This homage is reverence not replication however, since besides an association with Louis Moholo-Moholo, who also worked with Tippett, Hawkins, 44, is of a different generation with an individual keyboard approach. Meanwhile the bassist, 63, who has recorded with everyone from the Italian Instabile Orchestra to Taylor Ho Bynum, expresses himself in multiple configurations. Whether Hawkins concentrates on sparking key projections, slow moving pressure or even pivots to the Blues, Maier is instantaneously beside him with arco string stabs or grounded pizzicato stops.
The 13 improvisations aren't one sided though, "Fadograph" for instance begins with jagged string sawing followed by hunting and pecking keyboard clips that connects when the bass line is torqued to an assembly line of hard clanks and clips. Alternately a track like "Swimswamswum" expresses its swing affiliation mating the bassist's rhythmic crunch with the pianist's speedy keyboard slides, then is stalled by Maier's string twangs. Keyboard expositions are either understated and methodical or joyous and energetic, while the bassist's tactics are equally adaptable.

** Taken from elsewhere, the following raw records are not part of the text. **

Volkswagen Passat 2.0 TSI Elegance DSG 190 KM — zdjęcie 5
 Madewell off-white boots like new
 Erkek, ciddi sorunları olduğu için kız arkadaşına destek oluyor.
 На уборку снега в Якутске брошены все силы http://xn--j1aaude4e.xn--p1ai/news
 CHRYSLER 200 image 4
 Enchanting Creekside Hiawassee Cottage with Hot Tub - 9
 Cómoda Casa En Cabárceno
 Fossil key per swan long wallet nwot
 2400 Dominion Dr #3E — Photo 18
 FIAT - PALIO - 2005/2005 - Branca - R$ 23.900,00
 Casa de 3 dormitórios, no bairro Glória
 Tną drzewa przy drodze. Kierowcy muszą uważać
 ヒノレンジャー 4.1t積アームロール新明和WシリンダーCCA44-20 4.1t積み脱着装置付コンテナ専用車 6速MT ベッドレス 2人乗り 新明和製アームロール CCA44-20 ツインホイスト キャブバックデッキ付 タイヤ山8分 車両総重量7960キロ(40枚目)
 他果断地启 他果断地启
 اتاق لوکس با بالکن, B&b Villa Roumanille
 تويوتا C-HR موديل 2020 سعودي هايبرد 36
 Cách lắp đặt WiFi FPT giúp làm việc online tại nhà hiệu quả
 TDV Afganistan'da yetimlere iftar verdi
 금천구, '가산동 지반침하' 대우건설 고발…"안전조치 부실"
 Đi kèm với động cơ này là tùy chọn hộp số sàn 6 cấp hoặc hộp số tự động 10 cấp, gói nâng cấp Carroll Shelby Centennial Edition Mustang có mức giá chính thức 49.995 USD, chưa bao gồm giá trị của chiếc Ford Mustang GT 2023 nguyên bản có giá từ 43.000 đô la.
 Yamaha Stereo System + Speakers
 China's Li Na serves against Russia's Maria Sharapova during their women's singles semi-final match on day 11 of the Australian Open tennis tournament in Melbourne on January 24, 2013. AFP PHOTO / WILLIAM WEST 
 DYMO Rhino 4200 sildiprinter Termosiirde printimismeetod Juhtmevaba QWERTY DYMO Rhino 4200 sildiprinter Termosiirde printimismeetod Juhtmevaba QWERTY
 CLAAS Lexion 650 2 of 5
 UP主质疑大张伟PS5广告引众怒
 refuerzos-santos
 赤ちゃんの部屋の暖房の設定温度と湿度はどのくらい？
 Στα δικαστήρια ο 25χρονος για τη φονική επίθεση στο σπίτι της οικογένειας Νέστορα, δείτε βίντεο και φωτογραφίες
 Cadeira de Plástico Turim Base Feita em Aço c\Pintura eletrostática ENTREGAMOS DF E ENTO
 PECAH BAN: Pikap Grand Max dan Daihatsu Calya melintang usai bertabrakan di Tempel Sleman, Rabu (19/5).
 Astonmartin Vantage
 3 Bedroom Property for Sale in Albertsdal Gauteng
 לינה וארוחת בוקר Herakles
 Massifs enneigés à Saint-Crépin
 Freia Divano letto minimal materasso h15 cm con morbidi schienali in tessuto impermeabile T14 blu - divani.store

The extended "Whatiff" is the paramount example of this. A compound of thick wallowing bass thumps and pedal point keyboard pressure turns within two minutes into a contrapuntal showdown. Varying among spiccato bass chording and equivalent high pitched staccato keyboard extensions, it fragments into an interlude of dual dissonant sound shards then sweeps down to double bass woody col legno and singular piano chords.
More than making up for the aborted Maier-Tippet session, Two For Keith is fine music on its own as well as a fitting tribute to the departed pianist.